I don't know how you can predict the future like this. Yes, intel greedily choose not to participate in the phone soc market and are paying the price.
But their choice not to invest in EUV early doesn't mean that they will never catch up. They still have plenty of cash, and presumably if they woke up and decided to, they wouldn't be any worse off than Samsung. And definitely better off than SMIC.
Similarly, plenty of smart microarch people work at intel, freeing them to create a design competitive with zen3 or the m1 is entirely possible. Given amd is still on 7nm, and are just a couple percent off of the M1 seems to indicate that if nothing else intel could be there too.
But as you point out Intel's failings are 100% bad mgmt at this point. Its hard to believe they can't hire or unleash whats needed to move themselves forward. But at the moment they seem to be very "IBM" in their moves, but one has to believe that a good CEO with a good engineering background can cut the mgmt bullcrap and get back to basics. They fundamentally just have a single product to worry about unlike IBM.
Plus even though Intel has been super fat for 3 decades or so, everyone has predicted their death for at least another 3 decades (during their switch from memory to CPUs and then afterwards when RISCs were going to take over the world).
So they do have a bit of history with overcoming these predictions. We'll just have to see if they became too rusty to turn the ship around.
AMD looked far worse... if Intel is “dying” with a yearly revenue of ~$70B or so AMD should’ve been bankrupt 10 times already.
Intel is managing to compete in per core performance while being essentially 2-3 nodes behind, and generating times the revenue of their competitor.
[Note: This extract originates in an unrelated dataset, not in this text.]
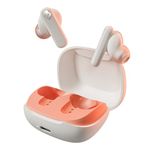 Skullcandy Smokin' Buds in-Ear Wireless Earbuds, 20 Hr Battery, 50% Renewable Plastics, Microphone, Works with iPhone Android and Bluetooth Devices - Bone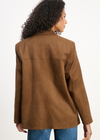 Velvet Salie Faux Suede Jacket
Zen is awesome and we need more competition but Intel isn’t nearly as far behind as it was during the P4 days and it’s revenue is nearing ATH and it’s business more diversified it ever been, if you exclude the datacenter and client computing groups it still is bringing in more revenue than AMD.
It's doubtful if Intel would have been able to design an equivalent to the M1, even with access to TSMC's 5nm process and an ARM license.
Which suggests there's no point in throwing money at Intel because the management culture ("management debt") itself is no longer competitive.
It would take a genius CEO to fix this, and it's not obvious that CEO exists anywhere in the industry.